:: WORK REQUIRED ::
Within the data, how many lines hold the word "Chevrolet"? Answer with nothing but the number.

Scraped caption text data:

------------------------

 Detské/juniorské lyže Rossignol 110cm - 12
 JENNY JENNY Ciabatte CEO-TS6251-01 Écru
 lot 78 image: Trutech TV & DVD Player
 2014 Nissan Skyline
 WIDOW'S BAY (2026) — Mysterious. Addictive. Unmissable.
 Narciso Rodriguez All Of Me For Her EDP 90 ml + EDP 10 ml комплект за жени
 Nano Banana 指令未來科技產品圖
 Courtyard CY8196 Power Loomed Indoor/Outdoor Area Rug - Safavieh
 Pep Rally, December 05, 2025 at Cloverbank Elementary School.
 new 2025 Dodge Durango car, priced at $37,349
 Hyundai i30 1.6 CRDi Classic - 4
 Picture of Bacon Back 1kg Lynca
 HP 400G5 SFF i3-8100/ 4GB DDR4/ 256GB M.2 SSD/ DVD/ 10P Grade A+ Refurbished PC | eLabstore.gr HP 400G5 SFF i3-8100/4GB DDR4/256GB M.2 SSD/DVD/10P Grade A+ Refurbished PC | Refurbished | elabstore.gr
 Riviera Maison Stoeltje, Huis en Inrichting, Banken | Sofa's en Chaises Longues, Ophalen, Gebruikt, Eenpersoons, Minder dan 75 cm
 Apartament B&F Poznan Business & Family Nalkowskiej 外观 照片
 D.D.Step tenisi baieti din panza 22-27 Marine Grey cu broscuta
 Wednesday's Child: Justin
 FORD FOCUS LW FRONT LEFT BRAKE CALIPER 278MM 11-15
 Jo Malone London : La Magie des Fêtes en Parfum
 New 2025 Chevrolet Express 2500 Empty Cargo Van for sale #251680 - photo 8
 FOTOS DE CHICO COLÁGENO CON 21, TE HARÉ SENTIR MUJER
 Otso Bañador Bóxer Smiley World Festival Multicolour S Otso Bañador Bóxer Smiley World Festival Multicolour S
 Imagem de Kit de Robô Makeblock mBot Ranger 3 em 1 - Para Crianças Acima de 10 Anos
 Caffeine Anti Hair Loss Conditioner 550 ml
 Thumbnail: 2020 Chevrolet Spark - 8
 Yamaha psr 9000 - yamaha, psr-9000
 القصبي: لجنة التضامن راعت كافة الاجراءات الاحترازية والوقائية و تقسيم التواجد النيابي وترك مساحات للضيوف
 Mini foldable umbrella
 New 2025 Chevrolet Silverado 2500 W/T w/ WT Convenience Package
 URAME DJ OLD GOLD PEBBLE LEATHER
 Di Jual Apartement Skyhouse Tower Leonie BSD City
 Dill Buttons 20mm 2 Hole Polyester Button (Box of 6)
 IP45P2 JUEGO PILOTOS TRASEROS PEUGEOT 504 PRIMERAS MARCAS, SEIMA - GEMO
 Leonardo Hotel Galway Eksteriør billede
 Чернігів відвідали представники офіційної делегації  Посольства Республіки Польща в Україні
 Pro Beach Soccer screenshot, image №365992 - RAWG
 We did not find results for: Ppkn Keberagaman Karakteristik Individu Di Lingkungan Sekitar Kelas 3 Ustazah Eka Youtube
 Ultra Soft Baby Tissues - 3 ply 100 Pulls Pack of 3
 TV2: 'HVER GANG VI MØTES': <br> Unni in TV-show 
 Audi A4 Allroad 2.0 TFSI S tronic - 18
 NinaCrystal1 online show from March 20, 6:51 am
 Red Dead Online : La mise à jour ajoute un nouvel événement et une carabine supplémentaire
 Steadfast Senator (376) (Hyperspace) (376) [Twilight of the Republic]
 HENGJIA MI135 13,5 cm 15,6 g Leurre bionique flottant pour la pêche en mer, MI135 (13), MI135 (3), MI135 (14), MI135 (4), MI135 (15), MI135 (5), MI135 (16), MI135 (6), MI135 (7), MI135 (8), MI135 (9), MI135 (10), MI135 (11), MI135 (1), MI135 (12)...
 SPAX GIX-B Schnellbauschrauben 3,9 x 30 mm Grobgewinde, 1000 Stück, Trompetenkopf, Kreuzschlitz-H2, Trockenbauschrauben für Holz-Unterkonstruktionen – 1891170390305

------------------------

:: SOLUTION TO THIS PROBLEM ::
3